Top of INFORMATION SHOWN

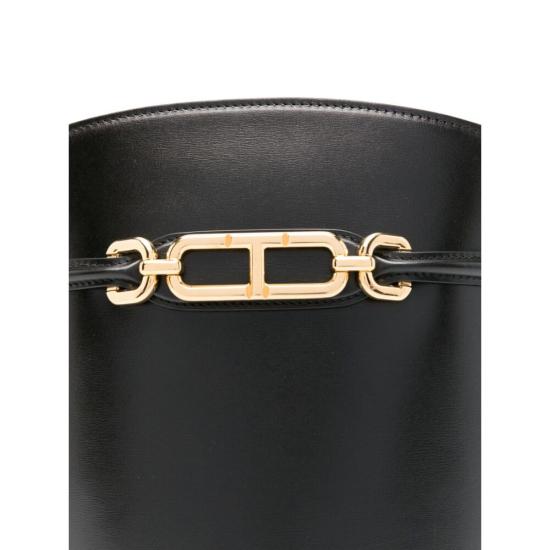 LCL056X L1802 1N001 BLACK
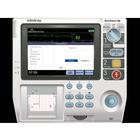 Mindray BeneHeart D6, 8001204, Simulated Defibrillators, Hospital Monitor (Small)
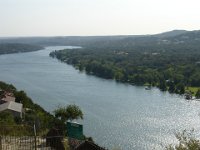 DSC01861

Bottom of INFORMATION SHOWN

| WORK TASK |
Restate all the material verbatim; omit every picture.

| RESPONSE TO THE TASK |
 LCL056X L1802 1N001 BLACK
 Mindray BeneHeart D6, 8001204, Simulated Defibrillators, Hospital Monitor (Small)
 DSC01861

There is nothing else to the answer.